歩いている尾根道の「西黒尾根」と向こう側の「東尾根」に挟まれた谷が、「マチガ沢」でしょうか。絶景です。
こんな岩壁を登るのは、やはり簡単ではないでしょうね。遭難者も多いのも納得!

 

西側の景色です。幾重にも山脈が連なっています。
左奥に一際高く、かつ形のいい山容は何でしょうか?山座同定は、先輩諸氏にお任せします。

 

これが噂の「ツルツルの一枚岩」というところでしょうか?
傾斜はそうありませんが、確かに滑りそうです。濡れていたら、結構、怖いですね。
ラクダのコル以降、行く手に立ちはだかるような岩壁は、もうありませんでしたが、やせた尾根で、岩場登りの結構な急登が続きました。

 

未だ、少し早いと思われた紅葉でしたが、山頂に近づくにつれ、色づいていました。
「色づく」 ≠ 「色気づく」 一字違いですが、だいぶ意味が違うようです(笑)

 

谷川岳シンボルの「ケルン」(cairn) に到着です。
このケルンは、昭和48年(1973)、東京雲稜会が友好山岳団体の協力を得て、建てたものとのこと。

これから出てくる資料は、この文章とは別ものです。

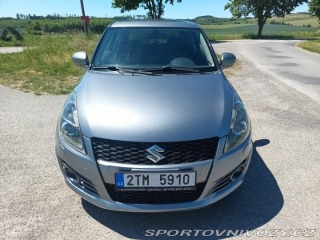 Suzuki Swift Sport Z32 2012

谷川岳はガスで道に迷い易く、沢筋に迷い込む遭難事故が当時多発していたため、ケルンの上には、一際高いポールと道標プレートがつけられています。写真の向きだと、左「天神尾根」右「谷川岳」手前「西黒尾根」、そして奥へは「肩の小屋52m」と書かれています。もし、ガスに巻かれたときは、このケルンに50mのザイルを結ぶことで「肩の小屋」が探し出せるようになっているそうです。

 

「谷川岳肩ノ小屋」(1912m)です。
古くから避難小屋があったそうですが、旧避難小屋は改修して休憩所に、新避難小屋を新築し、平成15年(2003)新しく有人の「肩ノ小屋」になったそうです。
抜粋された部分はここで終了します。